**Input data:**
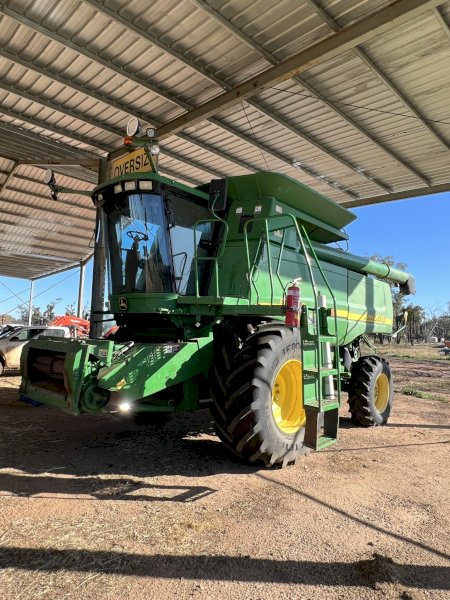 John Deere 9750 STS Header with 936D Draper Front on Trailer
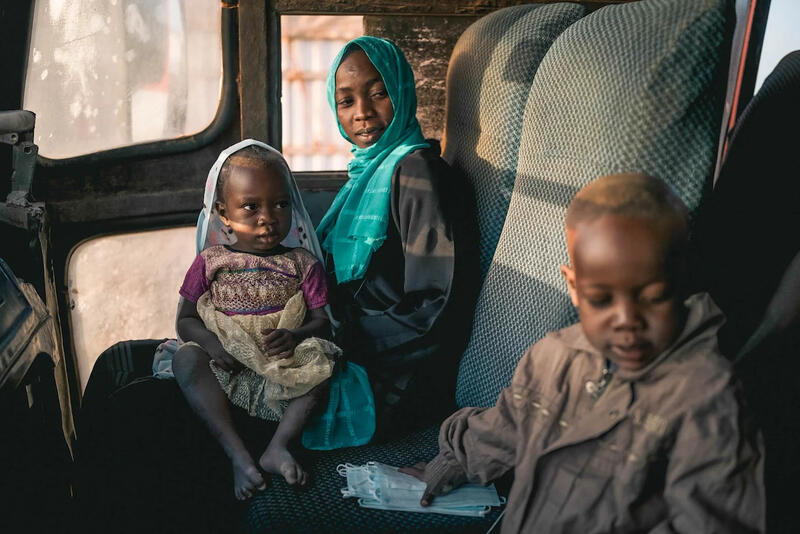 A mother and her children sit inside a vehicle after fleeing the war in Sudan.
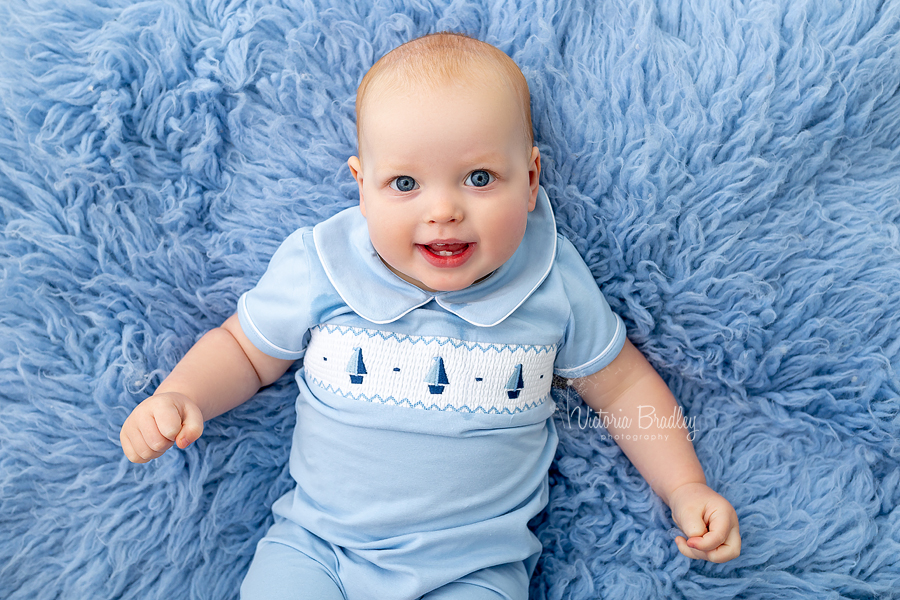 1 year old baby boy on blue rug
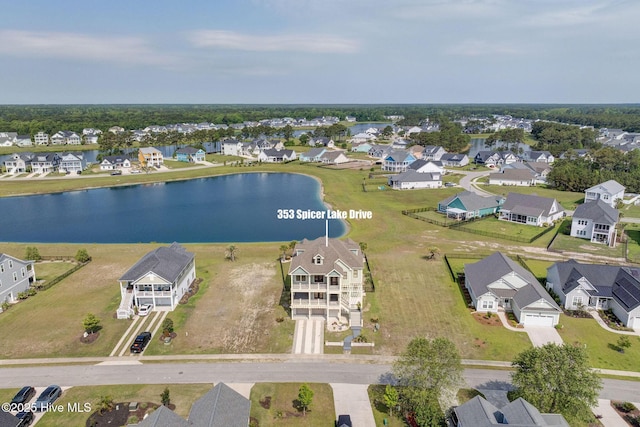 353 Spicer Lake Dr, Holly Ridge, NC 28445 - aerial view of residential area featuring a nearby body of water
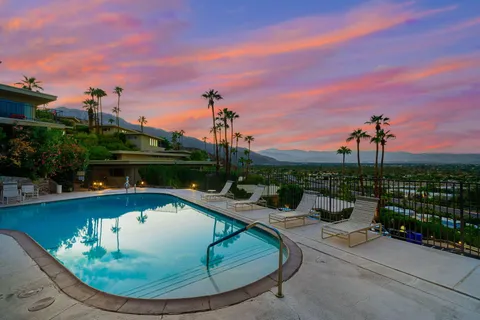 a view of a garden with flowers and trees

**What is required:** Restating the data word for word is the task, and pictures are to be omitted.

**Final answer:**
 John Deere 9750 STS Header with 936D Draper Front on Trailer
 A mother and her children sit inside a vehicle after fleeing the war in Sudan.
 1 year old baby boy on blue rug
 353 Spicer Lake Dr, Holly Ridge, NC 28445 - aerial view of residential area featuring a nearby body of water
 a view of a garden with flowers and trees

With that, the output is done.